* [Directions]: Pictures stay out of the copy. Transcribe exactly the lines from the line with "All right, welcome" through the final line of the records.

* * * * *

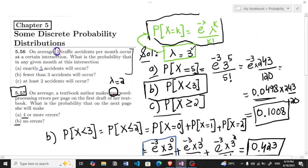That's it for today. We have seen the solution for questions 5.56 and 5.57 using the Poisson distribution formula. I hope this is now understandable. If you have any questions, you can ask me in the comment box. See you soon!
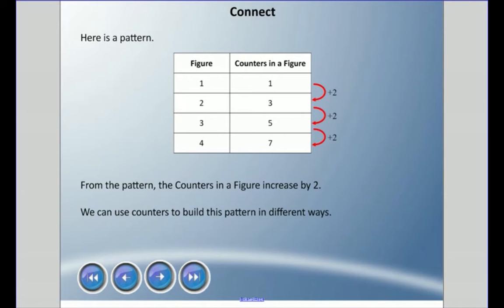All right, welcome back guys. We're going to talk about something called representing patterns. We're going to be using tables and counters to make patterns and pattern rules.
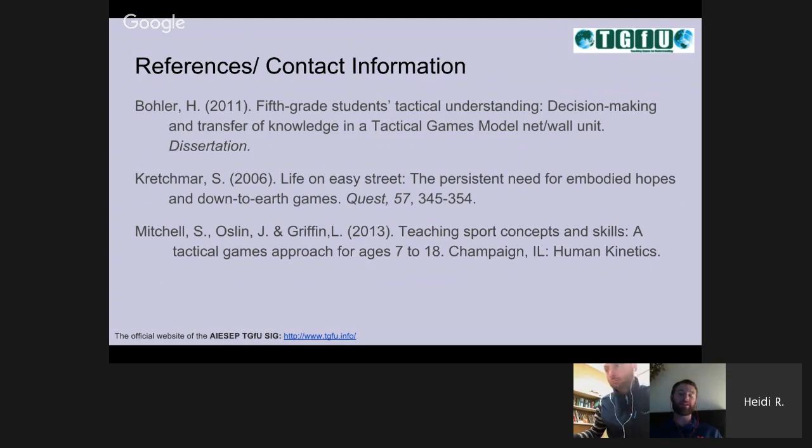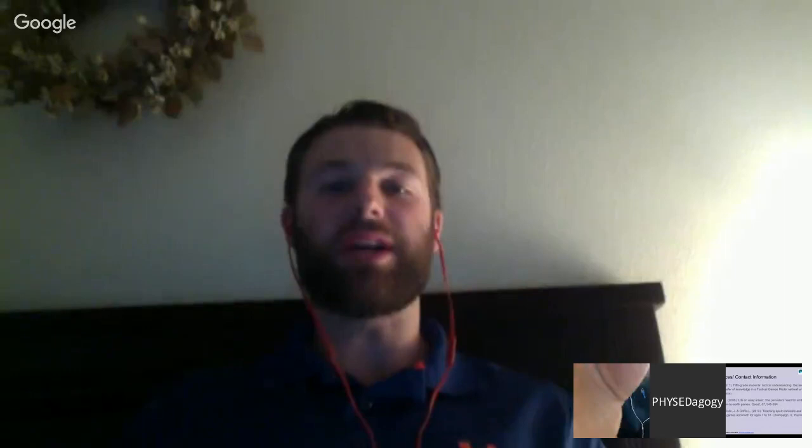Thanks so much for your great TGFU presentation, Heidi — so glad you could share your expertise with us. And Steve, thanks for joining us as well. Make sure everyone who's been watching fills out the conference survey. If you want to continue this conversation and have questions for Heidi or Steve, please go to the TASL and ask those questions there, and they can give you a hand. Thanks again so much — we're glad that you could join us.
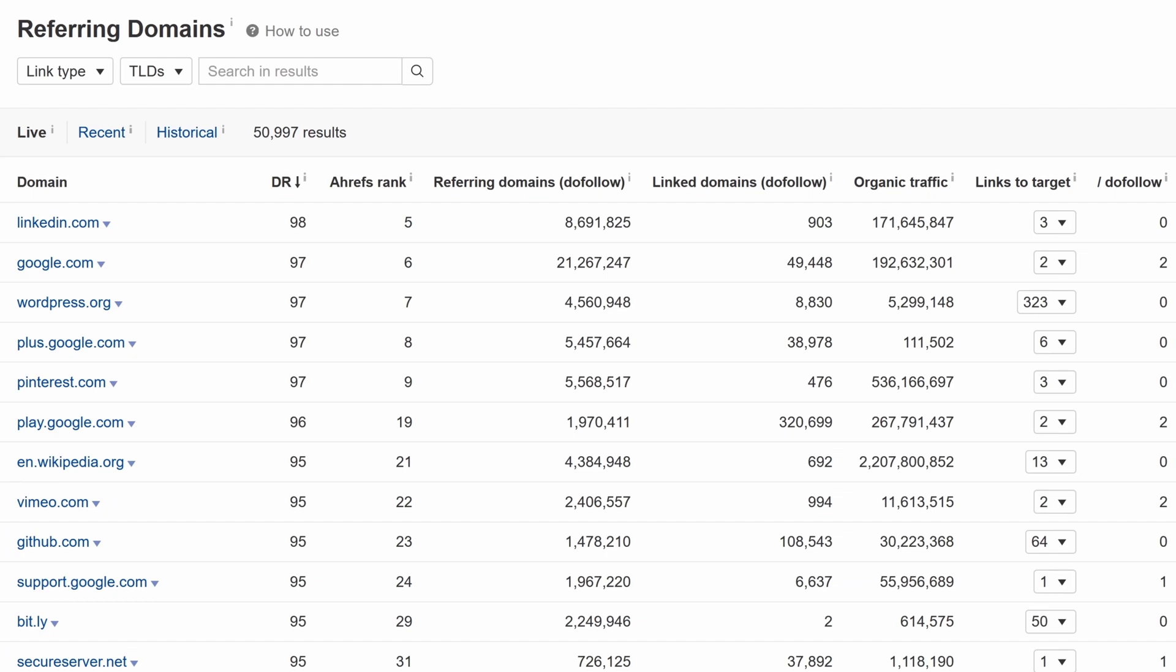Now, all you have to do is enter a domain in the search box. So let's see if the New York Times is linking to Ahrefs.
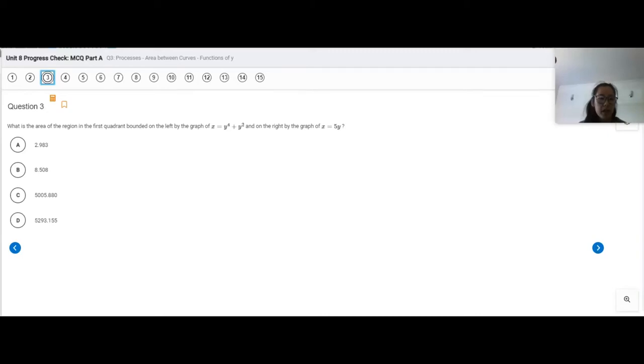Hi everybody, Ms. Lee here. We're going to go ahead and go over unit 8 progress check, multiple choice part A, question number 3.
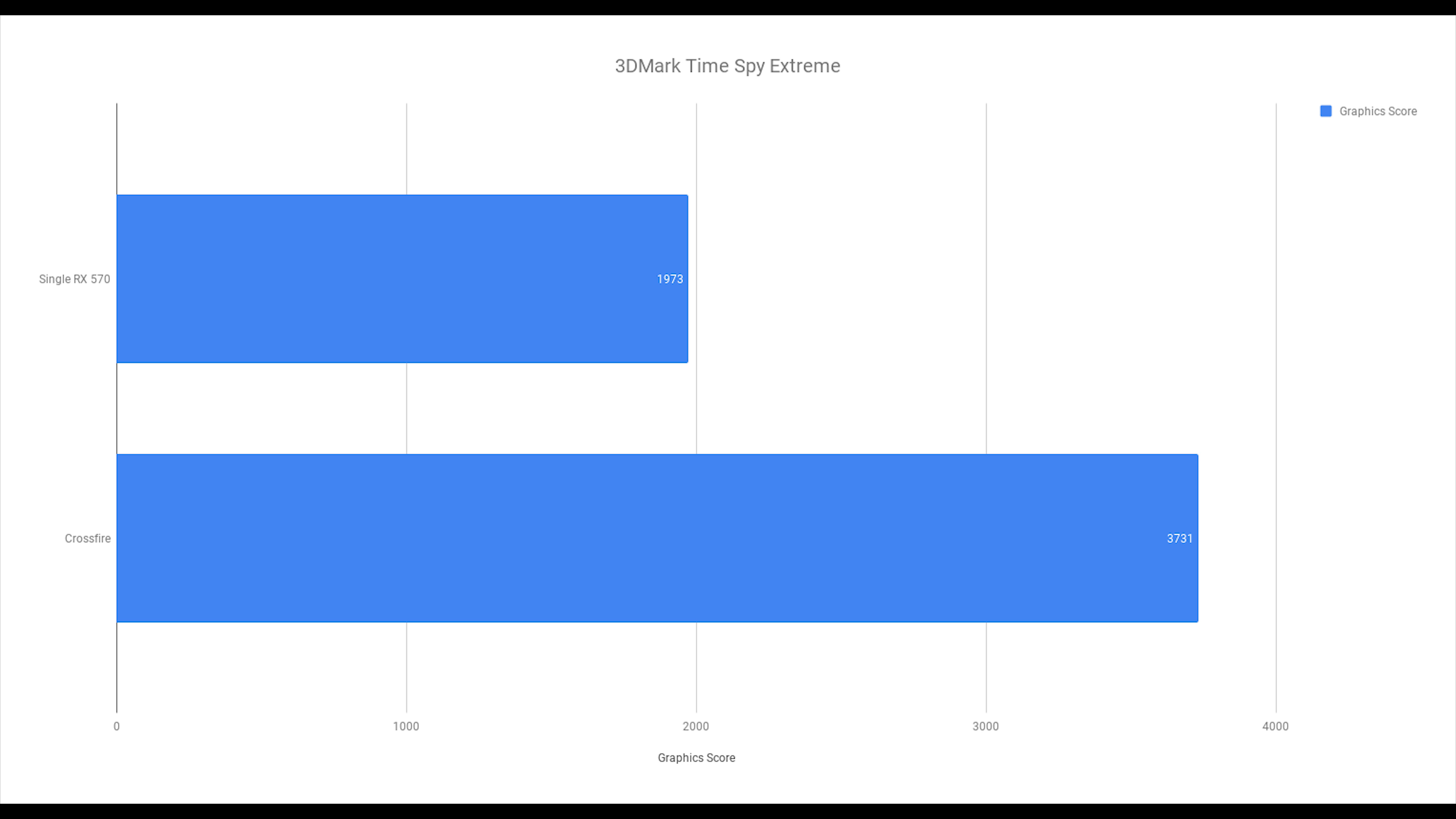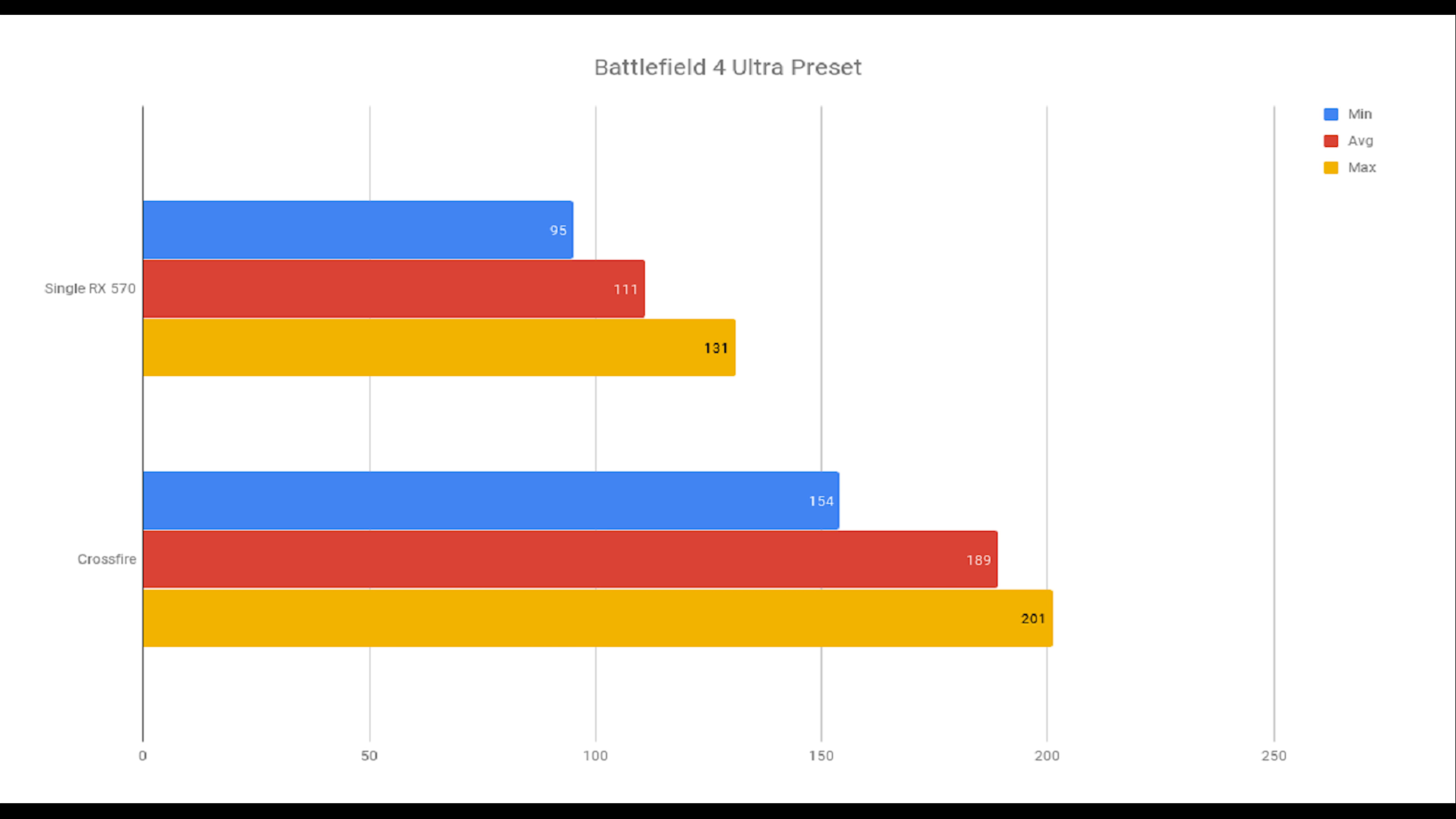Next up, first game we have is Battlefield 4. I used the Ultra preset. This is about a 70% increase in average frames per second, which is pretty substantial. The most substantial thing I'm seeing here is that minimum frames per second made a large increase, which is pretty huge if you have a 144Hz monitor.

* * * * *

* [Your solution]:
All right, welcome back guys. We're going to talk about something called representing patterns. We're going to be using tables and counters to make patterns and pattern rules.
Thanks so much for your great TGFU presentation, Heidi — so glad you could share your expertise with us. And Steve, thanks for joining us as well. Make sure everyone who's been watching fills out the conference survey. If you want to continue this conversation and have questions for Heidi or Steve, please go to the TASL and ask those questions there, and they can give you a hand. Thanks again so much — we're glad that you could join us.
Now, all you have to do is enter a domain in the search box. So let's see if the New York Times is linking to Ahrefs.
Hi everybody, Ms. Lee here. We're going to go ahead and go over unit 8 progress check, multiple choice part A, question number 3.
Next up, first game we have is Battlefield 4. I used the Ultra preset. This is about a 70% increase in average frames per second, which is pretty substantial. The most substantial thing I'm seeing here is that minimum frames per second made a large increase, which is pretty huge if you have a 144Hz monitor.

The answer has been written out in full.